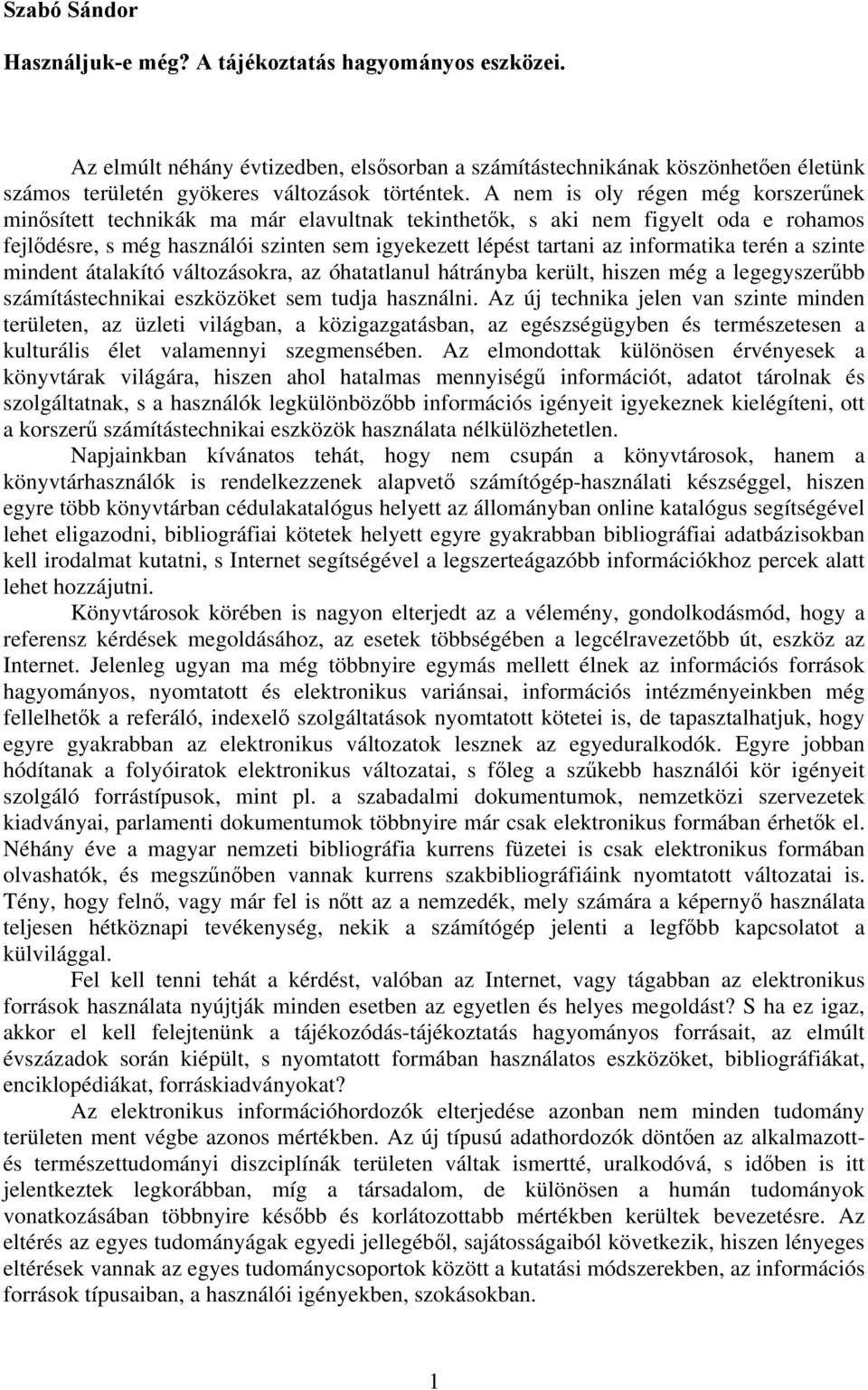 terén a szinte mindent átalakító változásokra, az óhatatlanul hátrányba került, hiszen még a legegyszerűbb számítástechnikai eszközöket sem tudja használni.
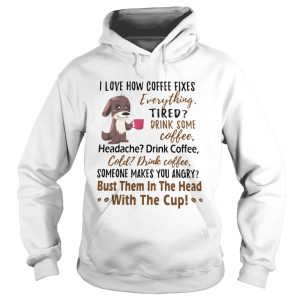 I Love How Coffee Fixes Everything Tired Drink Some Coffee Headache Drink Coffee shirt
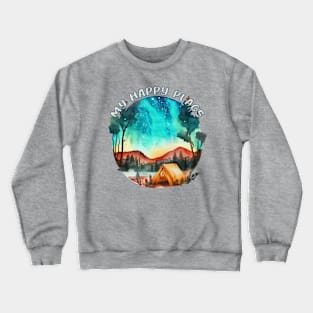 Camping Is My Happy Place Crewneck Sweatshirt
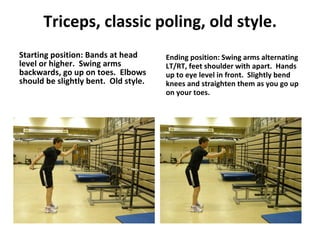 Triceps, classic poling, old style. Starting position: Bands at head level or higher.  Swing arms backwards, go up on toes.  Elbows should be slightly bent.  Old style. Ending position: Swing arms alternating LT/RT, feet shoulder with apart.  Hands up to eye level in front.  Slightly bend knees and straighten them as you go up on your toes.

----

Exercise requirements>
Output the data above without changes, apart from leaving out the pictures.

Exercise solution>
 terén a szinte mindent átalakító változásokra, az óhatatlanul hátrányba került, hiszen még a legegyszerűbb számítástechnikai eszközöket sem tudja használni.
 I Love How Coffee Fixes Everything Tired Drink Some Coffee Headache Drink Coffee shirt
 Camping Is My Happy Place Crewneck Sweatshirt
 Triceps, classic poling, old style. Starting position: Bands at head level or higher.  Swing arms backwards, go up on toes.  Elbows should be slightly bent.  Old style. Ending position: Swing arms alternating LT/RT, feet shoulder with apart.  Hands up to eye level in front.  Slightly bend knees and straighten them as you go up on your toes.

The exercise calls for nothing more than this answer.